Um dos maiores desafios no tratamento do câncer é entender por que, em determinados pacientes, terapias que inicialmente funcionam deixam de surtir efeito com o passar do tempo. Um estudo conduzido por pesquisadores da Universidade de Montreal, no Canadá, e publicado na revista Nature na última quarta-feira, 11, pode ter encontrado uma resposta para esse fenômeno.

A equipe, liderada pelo imunologista André Veillette, identificou o papel central de uma molécula chamada SLAMF6 (também conhecida como Ly108), presente na superfície das células T — um tipo de glóbulo branco essencial na defesa do organismo contra células tumorais.

O “freio invisível” do sistema imunológico

As células T são protagonistas na resposta imunológica contra o câncer. Elas reconhecem e atacam células anormais, incluindo as cancerígenas. No entanto, o estudo revelou que a molécula SLAMF6 funciona como um verdadeiro “freio” interno dessas células.

Diferentemente de outras moléculas inibitórias que precisam interagir diretamente com o tumor para reduzir a resposta imune, a SLAMF6 atua enviando sinais diretamente na superfície das próprias células T. Esses sinais:

  • Diminuem a capacidade de ataque contra o tumor;
  • Reduzem a produção de células T saudáveis e duradouras;
  • Aceleram o processo de exaustão imunológica — estado em que as células perdem eficiência.

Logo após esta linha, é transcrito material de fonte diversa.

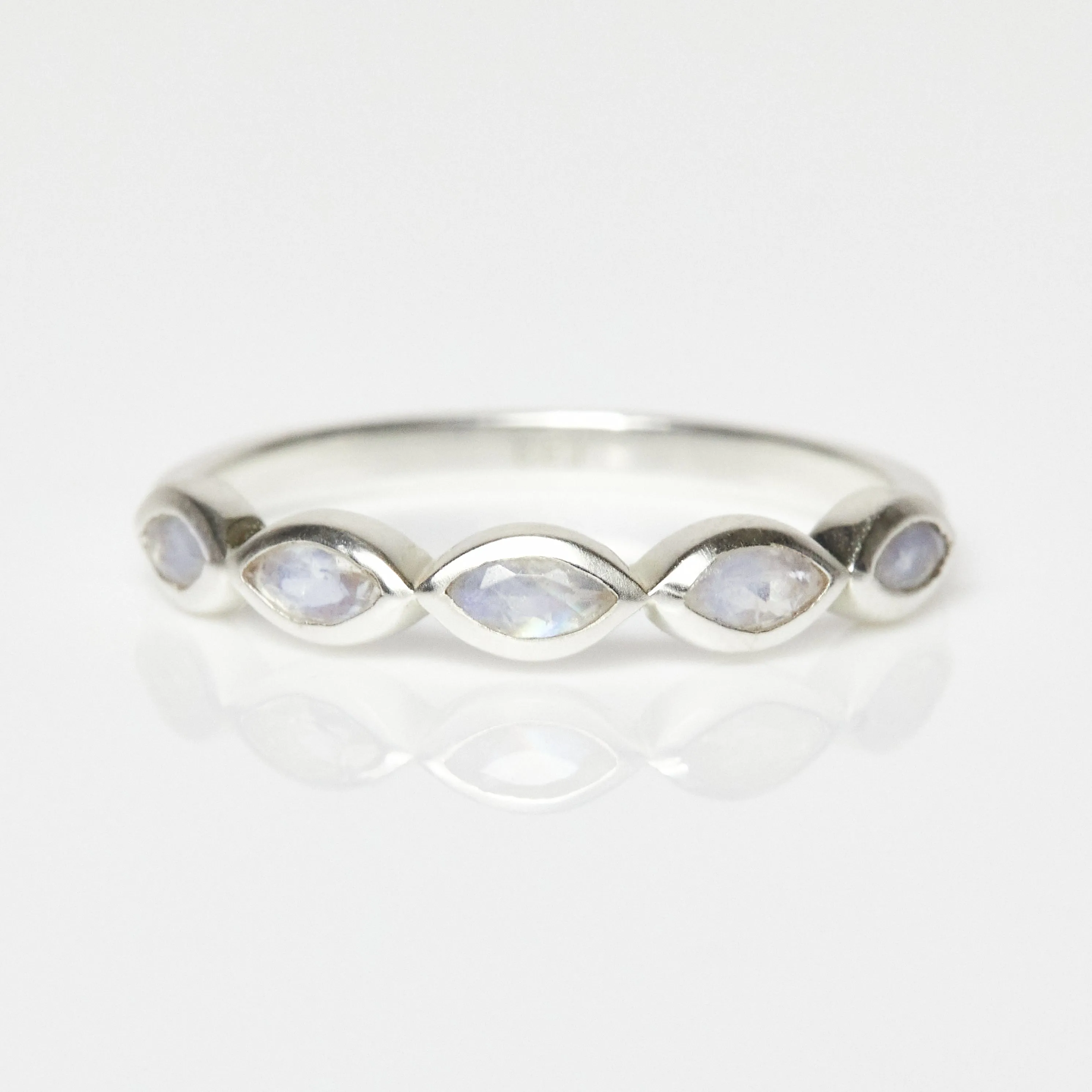 Moonstone Marquise Gemstone Stacking Ring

Segundo os pesquisadores, esse mecanismo pode ajudar a explicar por que alguns pacientes deixam de responder às imunoterapias ao longo do tratamento.

Limitações das imunoterapias atuais

Os pesquisadores observaram que a perda de SLAMF6 aumenta a ativação das células T e a imunidade antitumoral — Foto: Nature

Hoje, muitos tratamentos utilizam inibidores das moléculas PD-1 e PD-L1, que também funcionam como reguladores da atividade das células T. Esses medicamentos revolucionaram o tratamento de vários tipos de câncer.

No entanto, uma parcela significativa de pacientes:

  • Não responde inicialmente à terapia;
  • Ou perde a resposta após um período de sucesso.

O novo estudo sugere que a SLAMF6 pode estar envolvida nesse processo de resistência terapêutica, atuando como um mecanismo alternativo de supressão imunológica.

A estratégia inovadora

Para contornar esse problema, a equipe desenvolveu anticorpos monoclonais capazes de bloquear a interação da SLAMF6 consigo mesma — passo essencial para que a molécula exerça seu efeito inibitório.

Nos experimentos realizados em camundongos, os resultados foram considerados promissores:

  • Maior ativação de células T;
  • Aumento na produção de células imunológicas robustas e duradouras;
  • Redução do número de células T em estado de exaustão;
  • Respostas antitumorais mais intensas.

De acordo com Veillette, os novos anticorpos demonstraram desempenho superior às ferramentas atualmente disponíveis que têm como alvo essa molécula.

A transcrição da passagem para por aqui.